### Problem to work on
From the listing below, output the lines between the one with "For current sprints" and the one with "These questions range", including those two, and nothing else. Pictures are not copied.

### Data section
________________________________________

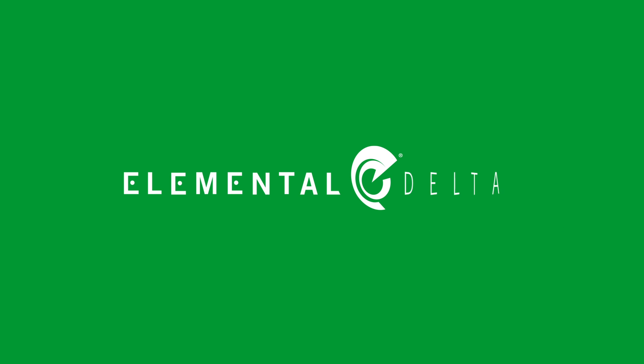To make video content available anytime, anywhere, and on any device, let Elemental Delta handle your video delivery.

________________________________________

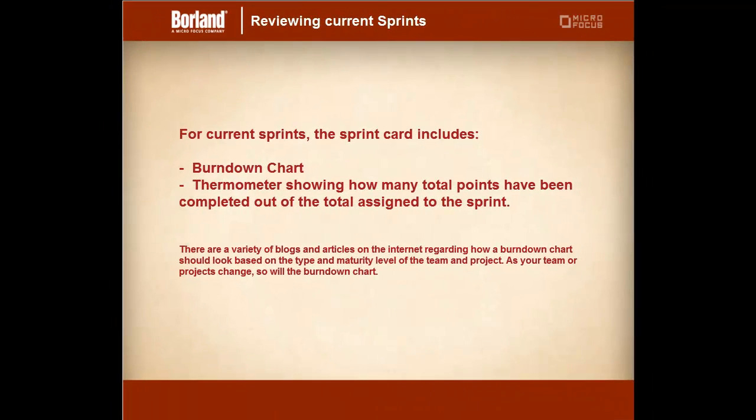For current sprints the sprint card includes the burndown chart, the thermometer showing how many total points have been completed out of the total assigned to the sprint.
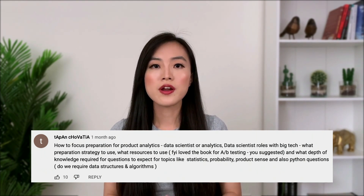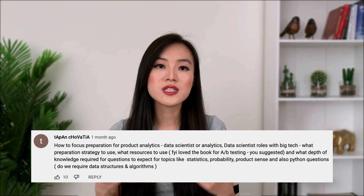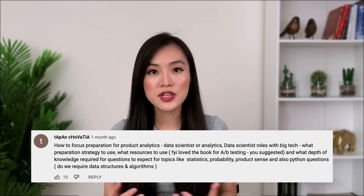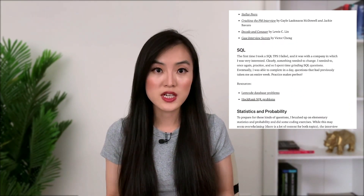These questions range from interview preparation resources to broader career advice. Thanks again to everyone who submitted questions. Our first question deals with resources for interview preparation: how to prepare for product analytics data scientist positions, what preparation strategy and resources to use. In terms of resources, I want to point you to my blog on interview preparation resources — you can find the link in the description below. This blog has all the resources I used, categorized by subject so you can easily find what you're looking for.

________________________________________

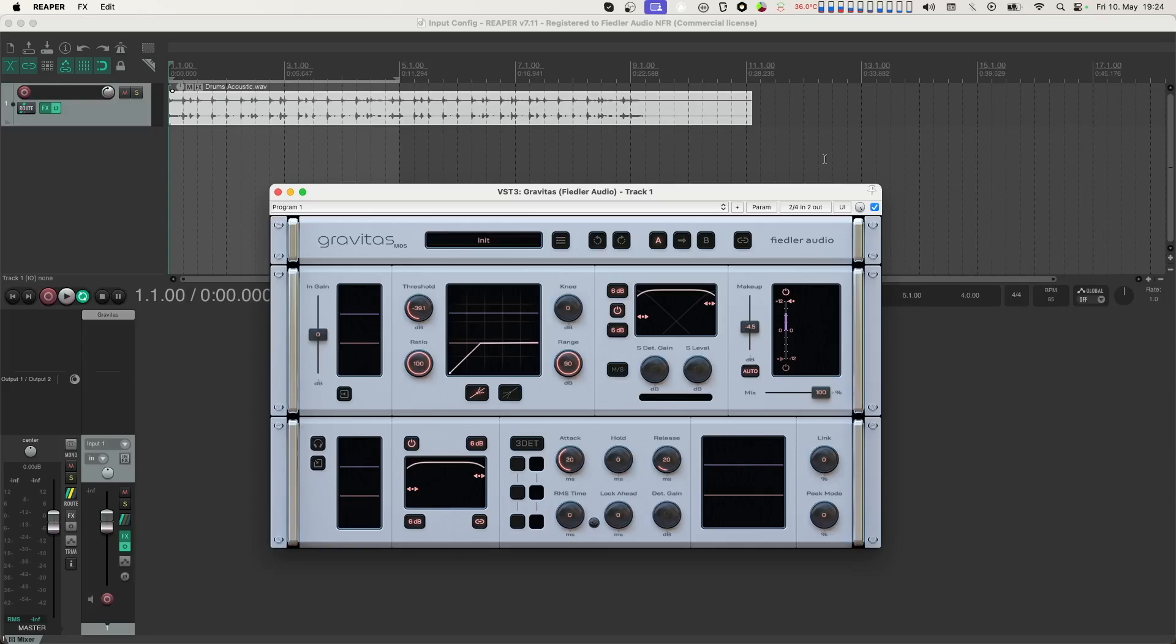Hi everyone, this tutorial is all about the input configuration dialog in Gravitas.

________________________________________

### Exercise result
For current sprints the sprint card includes the burndown chart, the thermometer showing how many total points have been completed out of the total assigned to the sprint.
These questions range from interview preparation resources to broader career advice. Thanks again to everyone who submitted questions. Our first question deals with resources for interview preparation: how to prepare for product analytics data scientist positions, what preparation strategy and resources to use. In terms of resources, I want to point you to my blog on interview preparation resources — you can find the link in the description below. This blog has all the resources I used, categorized by subject so you can easily find what you're looking for.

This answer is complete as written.